Pundits and commentators are just starting to pick through the rubble of this election and piece together what happens and what it means. In such cases, it is often easier to grab hold of one explanation — Twitter! racism! Brexit! James Comey! — and use it as a clothesline to hang the election on and shake it into some semblance of sense. But as scholars, we do a disservice to allow for simple or single explanations. “Perfect storm” has become a cliche, but I can see a set of elements that had to all be true, that came together, to produce the election we just witnessed: Globalization, economic precarity, and fundamentalist reactionary responses; the rise of the conservative right and its target tactics, especially against the Clintons; backlashes to multiculturalism, diversity, and the election of President Obama; the undoing of the workings and cultural authority of journalism; the alt-right and the undercurrents of social media; the residual fear and anxiety in America after 9/11. It is all of these things, and they were all already connected, before candidate Trump emerged.

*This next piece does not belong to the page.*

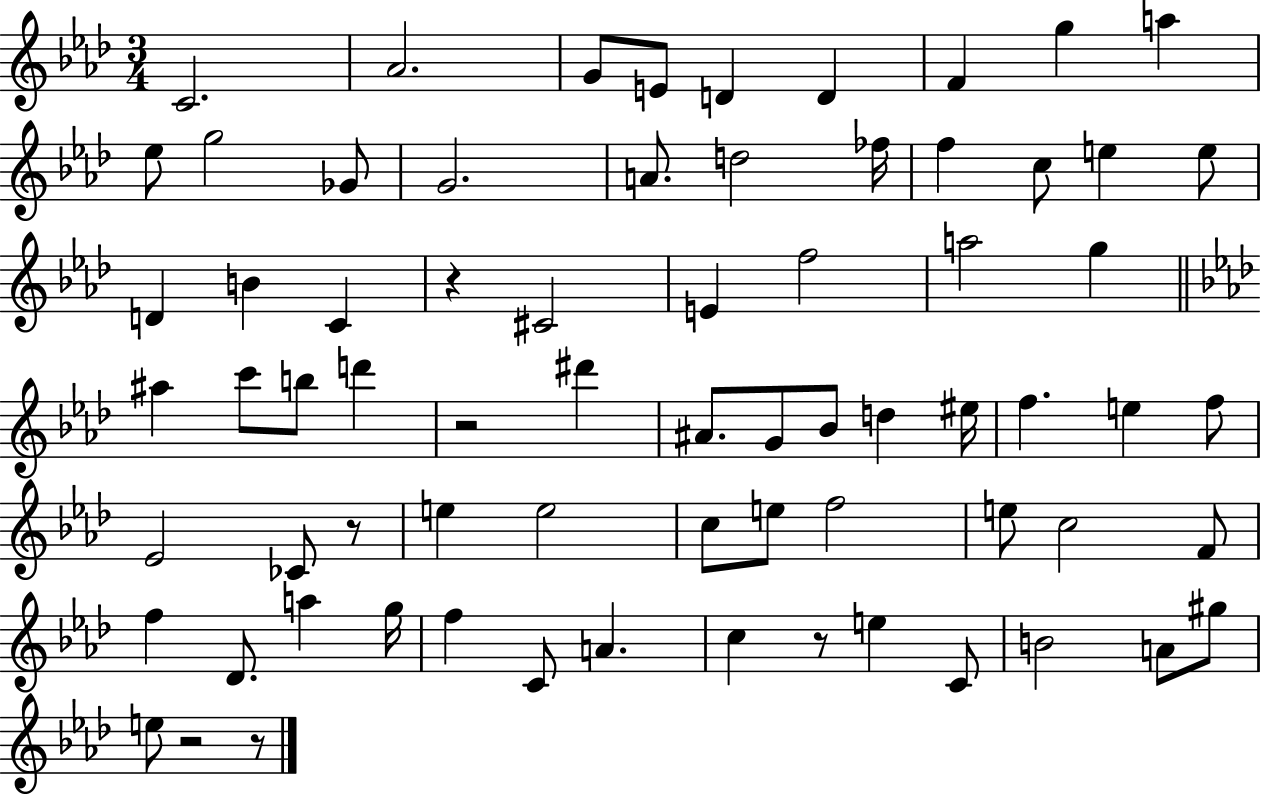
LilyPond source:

Yet at the same time, my expertise does not stretch across all of these areas. I have to admit that I have trained myself right down to a fine point: social media, public discourse, technology, control, law. I have that hammer, and can only hit those nails. If I find myself being particular concerned about social media and harassment, or want to draw links between Trump’s dog whistle politics, Steve Bannon and Breitbart, the tactics of the alt-right, and the failings of Twitter to consider the space of discourse it has made possible, I risk making it seem like I think there’s one explanation, that technology produces social problems. I do not mean this. In the end, I have to have faith that, as I try to step up and say something useful about this one aspect, some other scholar is similarly stepping up an saying something about fundamentalist reactions to globalization, and someone else is stepping up to speak about the divisiveness of the conservative movement.

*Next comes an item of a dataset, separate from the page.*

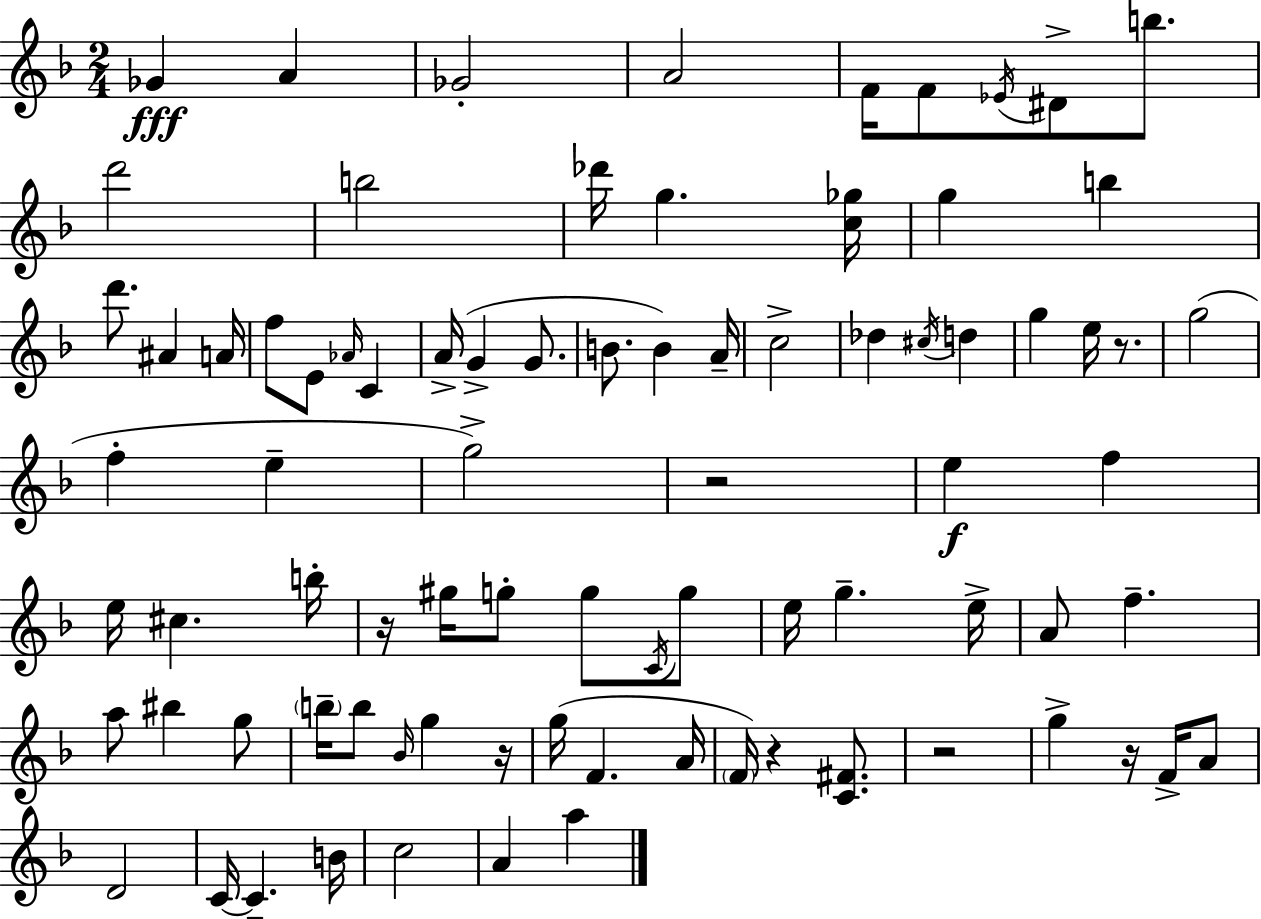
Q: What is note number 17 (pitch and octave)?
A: A#4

The book I’m working on now, nearing completion, is about social media platforms and the way they have (and have not) stepped into the role of arbiters of public discourse. The focus is on the platforms, their ambivalent combination of neutrality and intervention, the actual ways in which they go about policing offensive content and behavior, and the implications those tactics and arrangements have for how we think about the private curation of public discourse. But the book is framed in terms of the rise and now, for lack of a better word, adolescence of social media platforms, and how the initial optimism and enthusiasm that fueled the rise of the web, overshadowed the darker aspects already emergent there, and spurred the rise of the first social media platforms, seems to have given way to a set of concerns about how social media platforms work and how they are used — sometimes against people, and towards very different ends than were originally imagined. Those platforms did not at first imagine, and have not thoroughly thought through, how they now support (among many other things) a targeted project of racial animosity and a cold gamesmanship about public engagement. In the context of the election, my new goal is to boost that part of the argument, to highlight the opportunities that social media platforms offer to forms of public discourse that are not only harassing, racist, or criminal, but also that can take advantage of the dynamics of social media to create affirming circles of misinformation, to sip the poison of partisanship, to spur leaderless movements ripe for demagoguery — and how the social media platforms who now host this discourse have embraced a woefully insufficient sense of accountability, and must rethink how they have become mechanisms of social and political discourse, good and ill.

This specific project is too late in the game for a radical shift. But as I think beyond it, I feel an imperative to be sure that my choices of research topics are driven more by cultural and political imperative than merely my own curiosity. Or, ideally, the perfect meeting point of the two. It seems like the logical outcome of my interest in platforms and content moderation is to shift how we think of platforms, not as mere intermediaries between speakers (if they ever were, they are no longer) to understand them as constitutive of public discourse. If we understand them as constituting discourse — both by the choreography they install in their design, the moderation they conduct as a form of policy, and in the algorithmic selection of which raw material becomes “my feed,” then we expand their sense of responsibility. moreover, we might ask what it would mean to hold them accountable for making the political arena we want, we need. These questions will only grow in importance and complexity as these information systems depend more on more on algorithmic, machine learning, and other automated techniques;, more regularly include bots who are difficult to discern from the human participants; and that continue to extend their global reach for new consumers, also extending and entangling with the very shifts of globalization and tribalization we will continue to grapple with.